The objective for the super clone process is to ‘restore the past’ (Miyasako et al. Citation2022, p. 4) to its past glory in ways that not only imitates the material presence and processes of fabrication but also the intentions and affects of the original makers of the heritage object. Far from the notion of ‘palliative curation’ proposed by Caitlin DeSilvey (Citation2017, p. 161) to describe processes of heritage care for the objects beyond salvation that ought to be left alone for the gradual deterioration to advance, cloning technology invites audiences to celebrate not value of decay and the nostalgic celebration of past experienced as such. Rather, it draws us towards the kinds of value that are generated through the processes of labour and affective encounters with the objects (Freedberg Citation1989). With the use of 3D measurement, digital modelling technologies, and advanced casting techniques, the super clone Buddha statue in particular, intends to transport the viewer back in time to the moment of its creation and let them experience anew the Buddhist heritage objects’ affective presence and splendour as crafted centuries ago. I therefore contend that such value implies affect-centred understanding of Buddhist history and heritage, oriented towards bodily attunement. As such it must be allowed to become relational and allow people to engage in diverse social relations and ‘forms of sacred imagination that structure their relations to the divine’ (Morgan Citation2010b, p. 12) (re)presented in the original and cloned objects. I agree with Rots (Citation2019) that such trajectories of heritage-making establish a new category of ‘public sacred’ oriented towards not only re-sacralization of heritage objects but also to the authoritative presence they are potentially able to claim as incarnations of the original sacred object.

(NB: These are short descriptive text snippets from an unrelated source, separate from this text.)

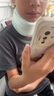 LUCYLEE日本兒童頸托防低頭醫(yī)用夏季透氣護(hù)頸椎偏頭前傾斜頸矯正器脖套 升級款單只【水晶藍(lán)】（冰絲面料） S 曬單實(shí)拍圖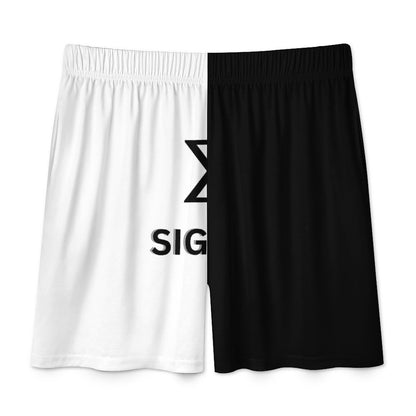 170gsm Pajama Shorts for Men LM012 (All-Over Printing)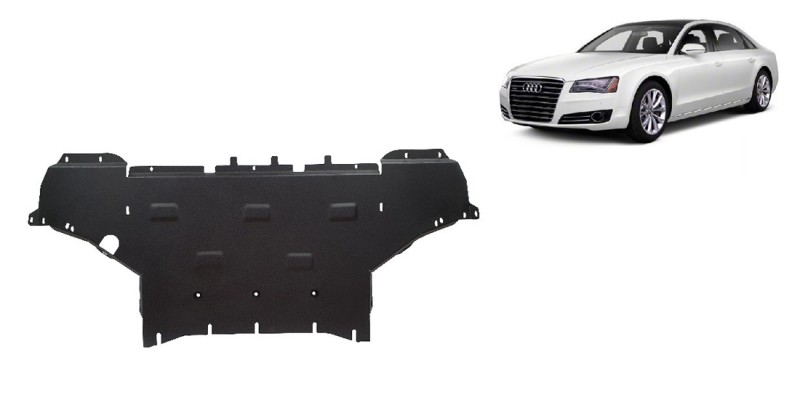 Ocelový kryt motoru Audi A8 (2010-2017)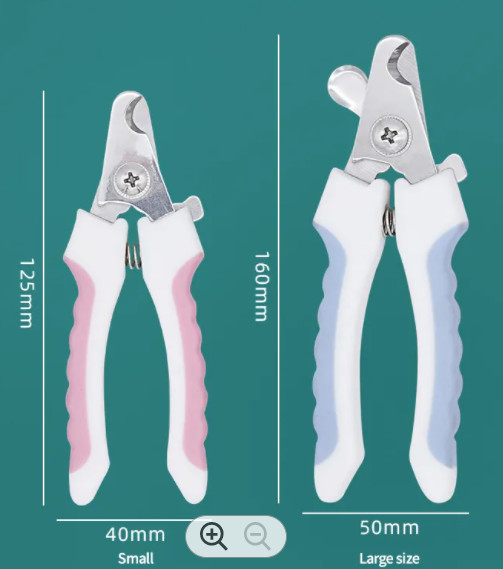 Stainless Steel Pet Grooming Scissors Dogs Cats Nail Cutter Clippers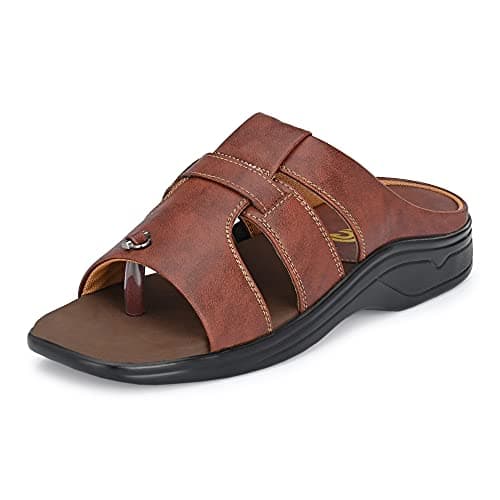 Centrino Men's 5953 D TAN Sandal_9 UK (5953-33)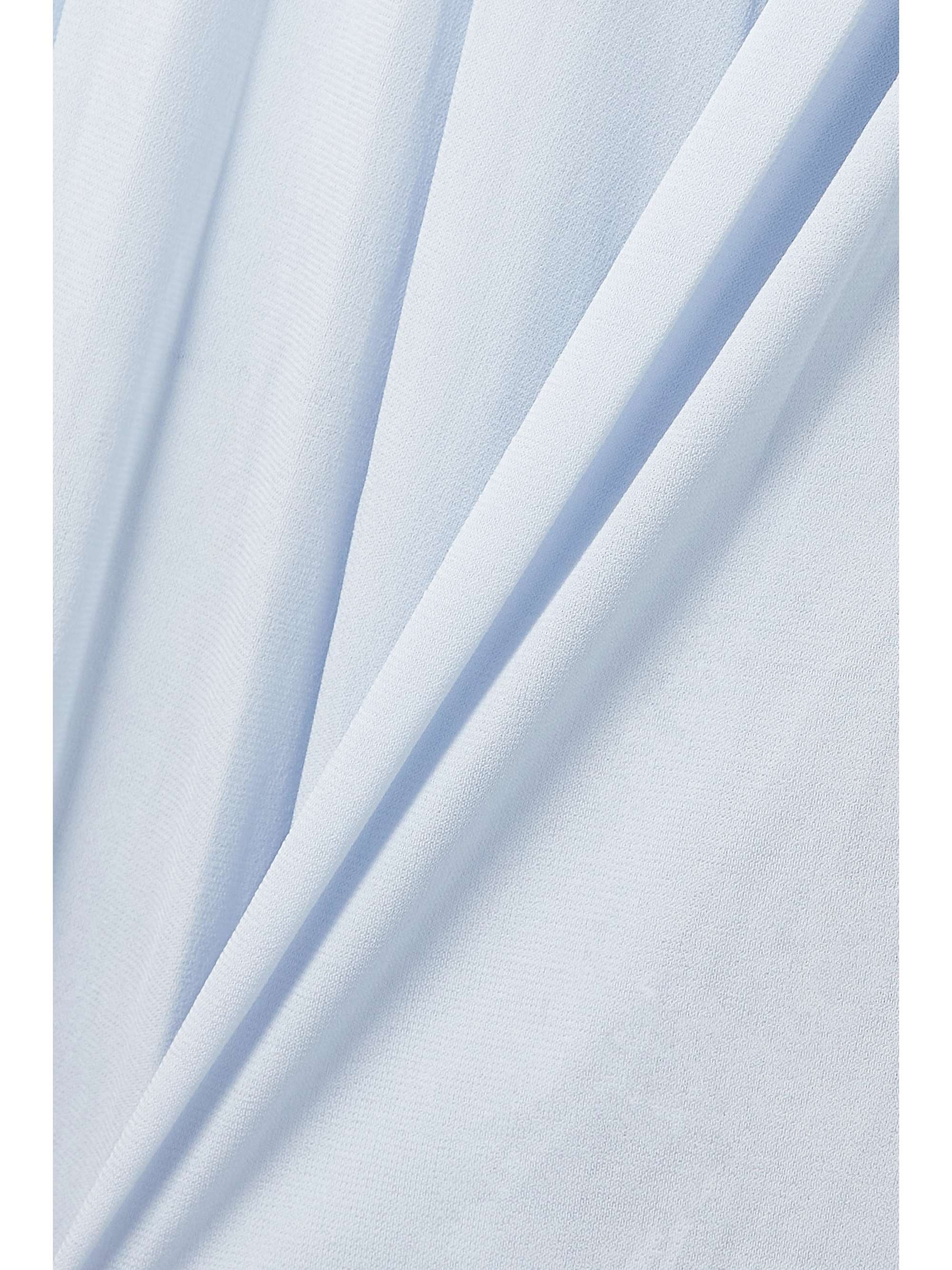 LOEWE Balloon draped crepe tapered pants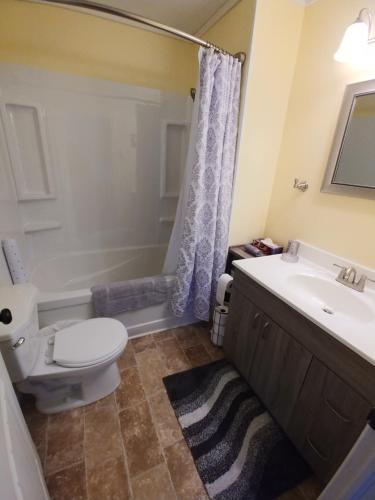 O baie la Lavenia Rose Cottages, Sunrise cottage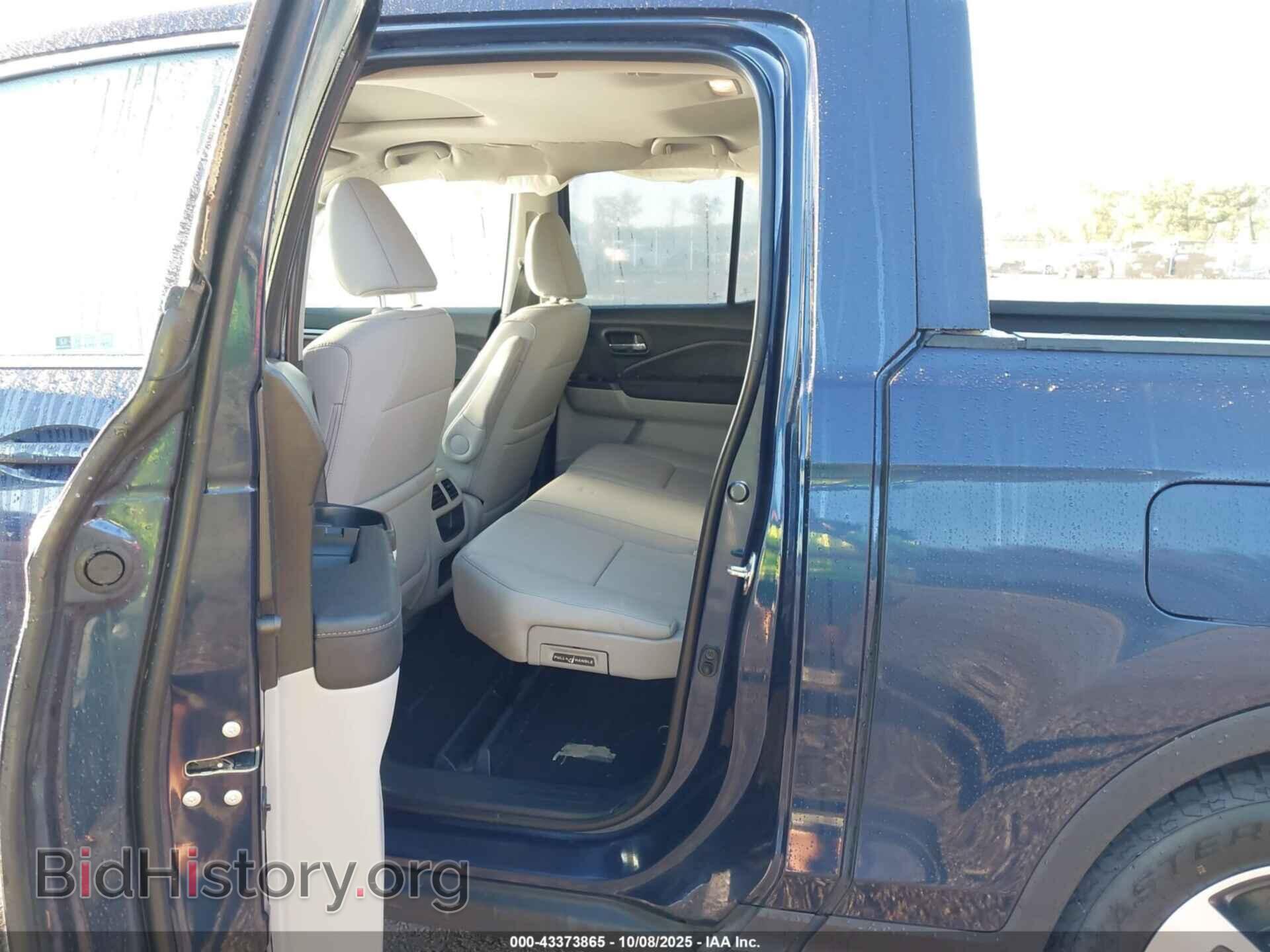 2019 HONDA RIDGELINE - VIN: 5FPYK3F55KB020094 - Фото 8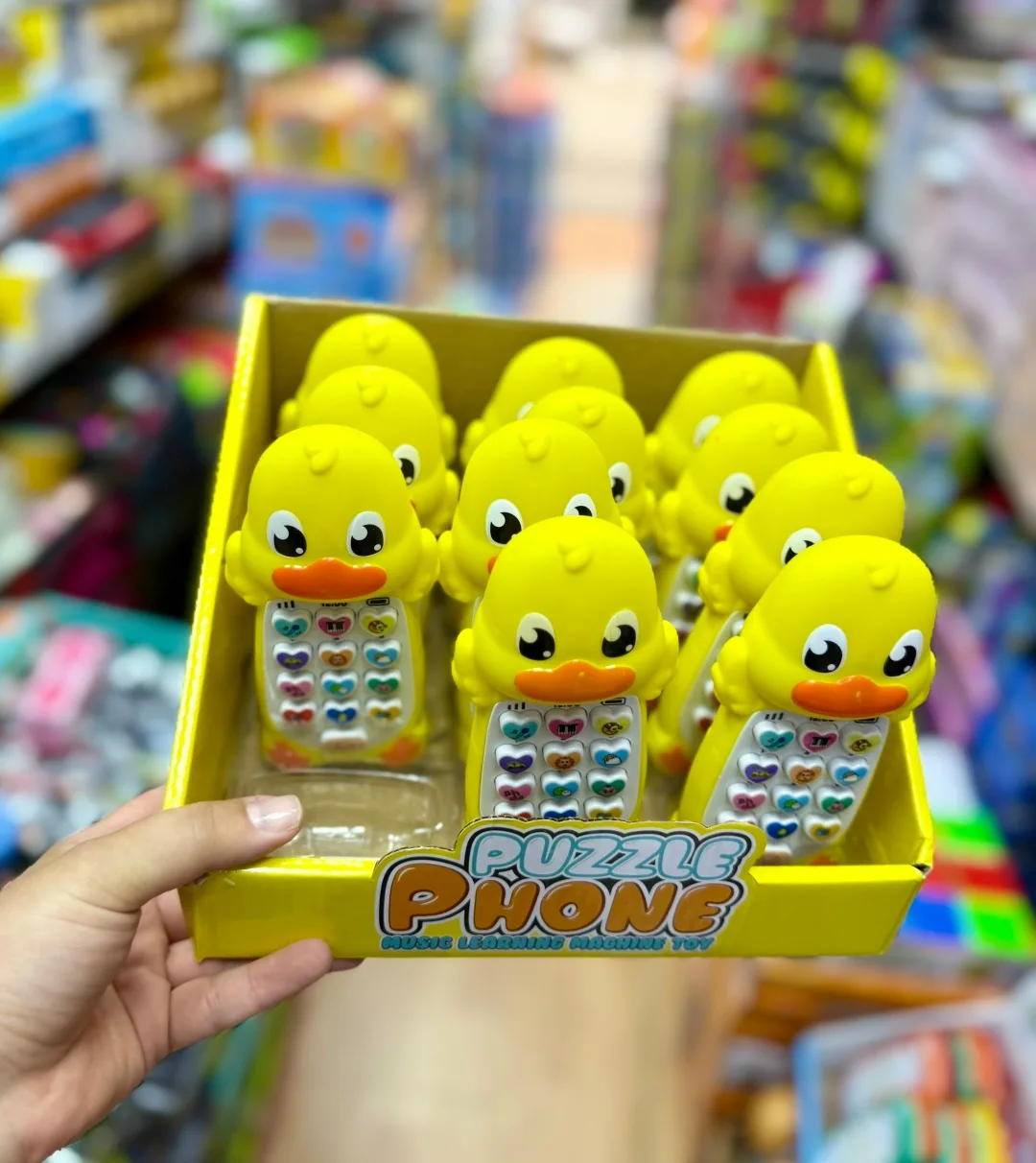 Игрушечный телефон с грызунком, со светом и звуком — фото 6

The case of the hyper clone of the Shaka Triad is an example that stretches the category of heritage preservation through reproduction. It represents a more abstract copy of the original. I use the term copy in parentheses here as the glass-acrylic hyper clone retains only partial verisimilitude, an appearance of being real. The Tokyo Geidai researchers see their hyper clone creation as an opportunity to imagine the future of religious heritage that retains referential features to the original (it follows the structural frameworks of the clone rather than the enhanced version of the super clone) but ultimately envisions an alternative materiality for the Buddhist heritage object, as it stops being the ‘representation’ and becomes the ‘presentation’ of the object by imitating realness (Freedberg Citation1989, pp. 197–199). The said realness is asserted through similarity and the assertion of the divergent present and future. It poses a pressing question whether heritage cloning constitutes an interference with heritage-making or reinforces it as it relies on the legitimacy derived from the provenance.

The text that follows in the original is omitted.